Readers, you need to know that all of the things committed by subordinate are all being commanded and lead by the supreme order. I will prove to you in this post, on how this individual actually doesn’t have the intention to commit such kind of crime and they couldn’t prevent it to be happen under the ground.
So what do I need to discuss in this post?
Firstly, I am going to highlight the urgency of accepting vicarious liability in military court like in the status quo because this provide mechanism for all soldier to speak up against the dictatorship. We’re supposed to accept this scenario : that whenever a soldier called to the trial and trying to defends it using this term, it is going to be acceptable. I’d like to ensure that those people are protected from any unfair justice system that will likely to be happened during court process against the soldier. I’d like to ensure that leaders are really wrong by conducting full investigation toward all the soldiers in order to invite a communal evaluation for every soldier and to prove who should held responsible for all of actions happened during the war.
Before we engage in further disussion, let us discuss the definition of vicarious liability itself.
What is Vicarious Liability?
Vicarious liability refers to a situation where someone is held responsible for the actions or omissions of another person. In a workplace context, an employer can be liable for the acts or omissions of its employees, provided it can be shown that they took place in the course of their employment.
According to Cambridge Law Press Journal, The doctrine of vicarious liability lies at the heart of all common law systems of tort law. It represents not a tort, but a rule of responsibility which renders the defendant liable for the torts committed by another. The classic example is that of employer and employee: the employer is rendered strictly liable for the torts of his employees, provided that they are committed in the course of the tortfeasor’s employment. In such circumstances, liability is imposed on the employer, not because of his own wrongful act, but due to his relationship with the tortfeasor
The key question of any case of vicarious liability is whether the sub ordinate was acting in a personal capacity, or in the course of their employment. This can often be difficult to determine.
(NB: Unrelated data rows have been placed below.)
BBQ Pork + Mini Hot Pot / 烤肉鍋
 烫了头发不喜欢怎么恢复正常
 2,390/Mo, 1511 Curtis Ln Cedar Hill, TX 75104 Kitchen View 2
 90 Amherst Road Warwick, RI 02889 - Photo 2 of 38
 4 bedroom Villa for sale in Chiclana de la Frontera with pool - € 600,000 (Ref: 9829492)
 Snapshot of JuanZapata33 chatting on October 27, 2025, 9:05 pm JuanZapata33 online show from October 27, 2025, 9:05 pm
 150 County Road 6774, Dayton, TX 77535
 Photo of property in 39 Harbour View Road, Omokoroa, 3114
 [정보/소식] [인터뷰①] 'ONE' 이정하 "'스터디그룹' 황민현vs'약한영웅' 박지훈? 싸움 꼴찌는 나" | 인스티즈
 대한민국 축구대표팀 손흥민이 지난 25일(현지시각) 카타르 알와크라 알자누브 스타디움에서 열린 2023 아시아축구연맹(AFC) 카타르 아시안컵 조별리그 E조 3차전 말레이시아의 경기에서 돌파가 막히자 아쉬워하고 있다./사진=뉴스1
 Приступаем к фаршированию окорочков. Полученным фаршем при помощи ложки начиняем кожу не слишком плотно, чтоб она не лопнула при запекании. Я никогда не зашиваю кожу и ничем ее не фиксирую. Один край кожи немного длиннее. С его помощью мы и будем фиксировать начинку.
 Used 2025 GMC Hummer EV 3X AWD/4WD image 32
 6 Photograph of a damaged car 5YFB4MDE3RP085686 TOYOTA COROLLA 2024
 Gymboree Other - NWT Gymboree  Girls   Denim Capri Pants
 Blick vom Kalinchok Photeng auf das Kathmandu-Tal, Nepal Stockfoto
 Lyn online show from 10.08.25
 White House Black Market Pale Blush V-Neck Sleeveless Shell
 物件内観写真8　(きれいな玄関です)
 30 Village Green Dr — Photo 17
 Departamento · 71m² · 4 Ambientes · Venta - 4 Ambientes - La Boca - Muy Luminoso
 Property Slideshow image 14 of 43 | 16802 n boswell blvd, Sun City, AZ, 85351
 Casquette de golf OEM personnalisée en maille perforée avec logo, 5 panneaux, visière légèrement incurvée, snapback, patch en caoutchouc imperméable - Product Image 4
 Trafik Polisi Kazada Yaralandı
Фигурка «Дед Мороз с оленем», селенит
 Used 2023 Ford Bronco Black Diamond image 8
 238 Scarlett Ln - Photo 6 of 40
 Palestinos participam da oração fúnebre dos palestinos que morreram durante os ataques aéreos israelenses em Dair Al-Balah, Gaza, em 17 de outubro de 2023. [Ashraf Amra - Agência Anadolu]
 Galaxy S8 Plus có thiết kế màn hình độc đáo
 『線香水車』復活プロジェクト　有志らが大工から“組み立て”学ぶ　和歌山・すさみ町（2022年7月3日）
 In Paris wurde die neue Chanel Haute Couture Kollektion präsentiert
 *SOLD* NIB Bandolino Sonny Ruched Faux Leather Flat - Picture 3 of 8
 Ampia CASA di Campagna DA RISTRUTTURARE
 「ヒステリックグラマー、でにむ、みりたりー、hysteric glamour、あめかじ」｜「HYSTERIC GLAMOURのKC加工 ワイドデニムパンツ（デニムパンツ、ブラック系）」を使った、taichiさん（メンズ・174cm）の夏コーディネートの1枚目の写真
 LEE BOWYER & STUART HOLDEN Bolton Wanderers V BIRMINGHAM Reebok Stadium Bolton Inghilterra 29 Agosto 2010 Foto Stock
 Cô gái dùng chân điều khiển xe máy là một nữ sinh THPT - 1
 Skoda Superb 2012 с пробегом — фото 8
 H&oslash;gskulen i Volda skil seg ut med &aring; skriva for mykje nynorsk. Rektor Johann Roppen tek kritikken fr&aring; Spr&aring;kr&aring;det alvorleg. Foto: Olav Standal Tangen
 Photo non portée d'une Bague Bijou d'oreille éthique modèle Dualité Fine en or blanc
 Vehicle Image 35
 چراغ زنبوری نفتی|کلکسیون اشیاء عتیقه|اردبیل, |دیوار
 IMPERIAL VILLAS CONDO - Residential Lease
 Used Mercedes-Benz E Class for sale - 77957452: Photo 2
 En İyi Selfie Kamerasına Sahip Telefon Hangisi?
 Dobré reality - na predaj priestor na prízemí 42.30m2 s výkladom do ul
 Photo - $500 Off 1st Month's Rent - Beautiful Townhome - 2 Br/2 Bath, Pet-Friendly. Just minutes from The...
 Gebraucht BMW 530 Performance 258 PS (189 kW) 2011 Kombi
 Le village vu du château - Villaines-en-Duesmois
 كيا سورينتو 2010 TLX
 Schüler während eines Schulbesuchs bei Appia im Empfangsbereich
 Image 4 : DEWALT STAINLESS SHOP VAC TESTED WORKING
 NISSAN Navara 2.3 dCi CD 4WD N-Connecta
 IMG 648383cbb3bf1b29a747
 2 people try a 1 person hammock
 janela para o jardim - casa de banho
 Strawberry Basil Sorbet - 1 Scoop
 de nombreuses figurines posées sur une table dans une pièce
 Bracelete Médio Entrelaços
Nor does an employer’s liability end once the employee leaves the organization – as the law stands, action can still be taken against an employer even though the person in question no longer works for them.
Thus, vicarious liability requires two elements: (1) the right and ability to supervise or control the infringing activity; and (2) a direct financial benefit from that activity. It is closely related to the doctrines of enterprise liability and respondent superior in tort law.
In Indonesia’s legal realm, this so called vicarious liability is not an unfamiliar concept, as it has regulated for more than a hundred of years in our civil code. Article 1367 state as follow:
“An individual shall be responsible for the damage which he has caused by his own act, as well as for that which was caused by the acts of the individuals for whom he is responsible, or caused by matters which are under his supervision. (S.27-31 jis. 390, 421) Parents or guardians shall be responsible for the damage caused by minor children who live with them and over whom they exercise parental authority or guardianship. Employers and those who have been assigned to manage affairs of other individuals shall be responsible for the damage caused by their servants and subordinates in the course of duties assigned to them. Teachers and work supervisor shall be responsible for the damage caused by their students and apprentices, during the period that they are under their supervision. (S.27-31 jis. 390, 421) The above-mentioned responsibility shall cease, if the parents, guardians, school teachers and work supervisor can prove that the act, for which they could be held responsible, could not have been prevented.